Job was executed on host(s) <2*ls13>, in queue <general>, as user <chodera> in cluster <lila> at Sun May 21 21:54:55 2017.
                            <2*ls02>
</home/chodera> was used as the home directory.
</home/chodera/github/yank-examples/examples/binding/abl-imatinib> was used as the working directory.
Started at Sun May 21 21:54:55 2017.
Terminated at Mon May 22 01:16:26 2017.
Results reported at Mon May 22 01:16:26 2017.

Your job looked like:

------------------------------------------------------------
# LSBATCH: User input
#!/bin/bash
#BSUB -W 24:00
#BSUB -o abl-imatinib-explicit.%J.log
#BSUB -env "all, LSB_START_JOB_MPS=Y"
#BSUB -n 4 -R "rusage[ngpus_excl_p=1,mem=16]"
#BSUB -m ls-gpu
#BSUB -J "abl-imatinib-explicit"

# Run the simulation with verbose output:
#source activate yank16
export PREFIX="explicit"
build_mpirun_configfile  "yank script --yaml=$PREFIX.yaml"
mpiexec.hydra -f hostfile -configfile configfile

------------------------------------------------------------

Exited with exit code 139.

Resource usage summary:

    CPU time :                                   48135.70 sec.
    Max Memory :                                 13 GB
    Average Memory :                             10.81 GB
    Total Requested Memory :                     64.00 GB
    Delta Memory :                               51.00 GB
    Max Swap :                                   -
    Max Processes :                              20
    Max Threads :                                106
    Run time :                                   12091 sec.
    Turnaround time :                            12091 sec.

Any idea what's going on?

For reference, I'm in /home/chodera/github/yank-examples/examples/binding/abl-imatinib

jchodera commented 7 years ago

I'm using the May 12 dev build of openmm and the latest masters of openmmtools and yank:

>>> print(simtk.openmm.version.version)
7.2.0.dev-54ac989
andrrizzi commented 7 years ago

The latest openmmtools doesn't have the memory optimizations yet.
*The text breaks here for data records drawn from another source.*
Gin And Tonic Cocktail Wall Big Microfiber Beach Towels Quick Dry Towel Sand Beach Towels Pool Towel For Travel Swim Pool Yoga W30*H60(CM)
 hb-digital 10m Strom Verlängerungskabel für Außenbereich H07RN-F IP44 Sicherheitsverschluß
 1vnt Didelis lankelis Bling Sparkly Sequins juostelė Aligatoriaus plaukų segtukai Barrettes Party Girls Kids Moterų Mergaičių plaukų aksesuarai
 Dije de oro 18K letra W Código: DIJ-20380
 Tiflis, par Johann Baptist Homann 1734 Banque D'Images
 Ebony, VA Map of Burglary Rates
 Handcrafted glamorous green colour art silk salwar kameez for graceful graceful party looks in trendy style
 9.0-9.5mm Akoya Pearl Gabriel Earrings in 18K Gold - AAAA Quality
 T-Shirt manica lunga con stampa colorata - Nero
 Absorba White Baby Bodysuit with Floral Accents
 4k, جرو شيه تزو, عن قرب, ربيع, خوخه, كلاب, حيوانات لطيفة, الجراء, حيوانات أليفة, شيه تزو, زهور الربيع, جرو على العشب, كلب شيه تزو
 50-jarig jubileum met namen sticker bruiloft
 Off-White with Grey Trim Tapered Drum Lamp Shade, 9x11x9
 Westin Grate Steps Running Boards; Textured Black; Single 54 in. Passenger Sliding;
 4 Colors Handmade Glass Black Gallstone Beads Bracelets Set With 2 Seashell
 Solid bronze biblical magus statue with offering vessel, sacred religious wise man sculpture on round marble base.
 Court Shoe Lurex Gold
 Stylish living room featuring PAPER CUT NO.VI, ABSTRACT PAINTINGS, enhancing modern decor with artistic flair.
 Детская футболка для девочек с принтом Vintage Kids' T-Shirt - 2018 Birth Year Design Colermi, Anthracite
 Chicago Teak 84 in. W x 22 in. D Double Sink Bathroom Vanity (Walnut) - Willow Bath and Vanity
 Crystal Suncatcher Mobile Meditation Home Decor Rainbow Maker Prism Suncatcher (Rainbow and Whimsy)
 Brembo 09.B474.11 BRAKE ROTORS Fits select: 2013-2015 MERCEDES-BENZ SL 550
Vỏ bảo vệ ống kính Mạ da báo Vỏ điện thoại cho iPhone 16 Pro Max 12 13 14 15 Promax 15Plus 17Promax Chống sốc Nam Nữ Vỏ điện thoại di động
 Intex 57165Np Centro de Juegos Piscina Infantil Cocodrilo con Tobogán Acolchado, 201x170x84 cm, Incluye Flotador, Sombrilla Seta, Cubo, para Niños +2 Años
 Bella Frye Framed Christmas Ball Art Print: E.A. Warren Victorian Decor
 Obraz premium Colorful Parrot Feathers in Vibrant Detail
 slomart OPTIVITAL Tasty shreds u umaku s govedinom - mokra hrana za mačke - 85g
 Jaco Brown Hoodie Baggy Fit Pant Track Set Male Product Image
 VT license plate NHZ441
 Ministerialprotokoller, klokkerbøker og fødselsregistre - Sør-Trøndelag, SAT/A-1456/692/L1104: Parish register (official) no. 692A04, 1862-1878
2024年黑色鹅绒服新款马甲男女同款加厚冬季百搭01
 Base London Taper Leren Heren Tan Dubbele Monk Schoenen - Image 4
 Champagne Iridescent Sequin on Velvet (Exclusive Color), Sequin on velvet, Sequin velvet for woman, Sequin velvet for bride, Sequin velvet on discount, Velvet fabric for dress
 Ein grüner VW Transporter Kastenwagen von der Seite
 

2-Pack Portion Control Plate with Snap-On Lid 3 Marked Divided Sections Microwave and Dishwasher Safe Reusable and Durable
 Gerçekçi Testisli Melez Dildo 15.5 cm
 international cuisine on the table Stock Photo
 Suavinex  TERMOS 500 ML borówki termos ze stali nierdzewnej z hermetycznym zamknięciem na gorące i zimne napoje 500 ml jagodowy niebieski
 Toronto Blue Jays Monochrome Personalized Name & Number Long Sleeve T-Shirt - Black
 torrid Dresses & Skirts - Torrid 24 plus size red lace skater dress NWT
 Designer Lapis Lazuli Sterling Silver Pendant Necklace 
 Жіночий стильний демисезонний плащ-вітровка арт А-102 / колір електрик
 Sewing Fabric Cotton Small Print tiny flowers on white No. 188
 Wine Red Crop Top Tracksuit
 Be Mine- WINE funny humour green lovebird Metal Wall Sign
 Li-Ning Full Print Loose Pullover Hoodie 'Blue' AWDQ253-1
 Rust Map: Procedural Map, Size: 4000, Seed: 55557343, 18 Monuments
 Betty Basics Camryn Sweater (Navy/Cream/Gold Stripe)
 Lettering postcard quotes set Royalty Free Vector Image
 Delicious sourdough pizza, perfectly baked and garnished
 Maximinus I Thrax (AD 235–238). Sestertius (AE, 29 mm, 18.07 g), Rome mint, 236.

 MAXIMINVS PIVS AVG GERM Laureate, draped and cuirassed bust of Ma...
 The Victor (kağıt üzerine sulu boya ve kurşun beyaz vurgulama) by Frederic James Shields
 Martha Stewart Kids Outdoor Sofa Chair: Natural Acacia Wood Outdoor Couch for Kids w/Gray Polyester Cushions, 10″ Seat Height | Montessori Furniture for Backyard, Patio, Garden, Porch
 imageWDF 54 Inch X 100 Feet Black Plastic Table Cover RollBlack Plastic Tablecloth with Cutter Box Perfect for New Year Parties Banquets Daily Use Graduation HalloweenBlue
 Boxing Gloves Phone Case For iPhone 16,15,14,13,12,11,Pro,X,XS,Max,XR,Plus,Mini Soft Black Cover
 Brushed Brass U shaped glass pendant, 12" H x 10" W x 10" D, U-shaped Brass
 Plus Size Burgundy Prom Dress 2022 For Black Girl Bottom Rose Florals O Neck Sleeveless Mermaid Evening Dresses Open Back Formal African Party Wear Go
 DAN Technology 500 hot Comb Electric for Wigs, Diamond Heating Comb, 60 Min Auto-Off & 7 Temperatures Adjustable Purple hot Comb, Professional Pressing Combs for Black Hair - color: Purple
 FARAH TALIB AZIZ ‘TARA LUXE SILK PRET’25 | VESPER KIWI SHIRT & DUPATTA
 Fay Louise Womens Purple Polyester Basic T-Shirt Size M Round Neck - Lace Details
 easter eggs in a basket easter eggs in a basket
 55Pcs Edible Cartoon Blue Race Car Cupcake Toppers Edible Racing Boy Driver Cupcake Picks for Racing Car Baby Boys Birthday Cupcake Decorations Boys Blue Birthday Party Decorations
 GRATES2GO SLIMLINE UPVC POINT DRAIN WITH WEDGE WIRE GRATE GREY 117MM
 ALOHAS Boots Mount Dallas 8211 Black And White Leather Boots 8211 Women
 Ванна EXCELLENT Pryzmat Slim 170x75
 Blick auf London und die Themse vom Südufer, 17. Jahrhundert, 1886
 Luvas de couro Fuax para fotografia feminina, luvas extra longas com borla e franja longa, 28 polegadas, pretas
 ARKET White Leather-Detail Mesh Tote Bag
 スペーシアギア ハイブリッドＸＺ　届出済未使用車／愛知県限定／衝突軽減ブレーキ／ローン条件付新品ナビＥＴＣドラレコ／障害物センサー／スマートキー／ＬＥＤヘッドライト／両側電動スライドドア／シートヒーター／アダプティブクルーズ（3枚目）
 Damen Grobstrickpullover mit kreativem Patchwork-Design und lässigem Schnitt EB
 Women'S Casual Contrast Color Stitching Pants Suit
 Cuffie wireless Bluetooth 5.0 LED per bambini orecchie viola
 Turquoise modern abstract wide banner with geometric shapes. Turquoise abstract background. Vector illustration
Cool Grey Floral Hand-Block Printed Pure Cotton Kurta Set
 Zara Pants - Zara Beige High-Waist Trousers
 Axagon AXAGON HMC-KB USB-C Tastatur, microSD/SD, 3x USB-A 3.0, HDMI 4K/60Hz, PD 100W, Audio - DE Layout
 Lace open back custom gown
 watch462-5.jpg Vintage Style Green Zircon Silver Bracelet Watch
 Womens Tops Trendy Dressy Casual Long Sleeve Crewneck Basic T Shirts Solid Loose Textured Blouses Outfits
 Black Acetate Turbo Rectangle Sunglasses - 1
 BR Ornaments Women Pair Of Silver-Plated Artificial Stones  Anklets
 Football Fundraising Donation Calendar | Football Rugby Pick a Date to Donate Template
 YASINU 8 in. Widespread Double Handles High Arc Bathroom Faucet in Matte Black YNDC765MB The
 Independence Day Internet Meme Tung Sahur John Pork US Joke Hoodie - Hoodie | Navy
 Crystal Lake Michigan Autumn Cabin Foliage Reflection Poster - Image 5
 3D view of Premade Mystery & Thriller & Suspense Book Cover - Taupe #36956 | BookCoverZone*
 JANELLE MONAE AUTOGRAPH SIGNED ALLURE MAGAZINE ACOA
That PR still needs review, can you try with branch optimizations? The startup was fine when I used that one with FreeSolv.

jchodera commented 7 years ago

Sure, I can give it a try, but it doesn't appear that memory consumption is the limiting factor according to the LSF readouts.

Are you running tests on lilac too?

andrrizzi commented 7 years ago

Both right after creating the alchemically modified system and checking that the storage exists, the code does a lot of deepcopy of the ThermodynamicStates. With the memory optimization the time and memory required to do that should be O(1).

andrrizzi commented 7 years ago

I run on hal.

jchodera commented 7 years ago

Ok, will give it a try!

Let's make sure to get you on lilac too. It looks underutilized at the moment.

andrrizzi commented 7 years ago

This should have been largely addressed in #684 . Feel free to reopen if still a problem, or open a new issue for specific idea.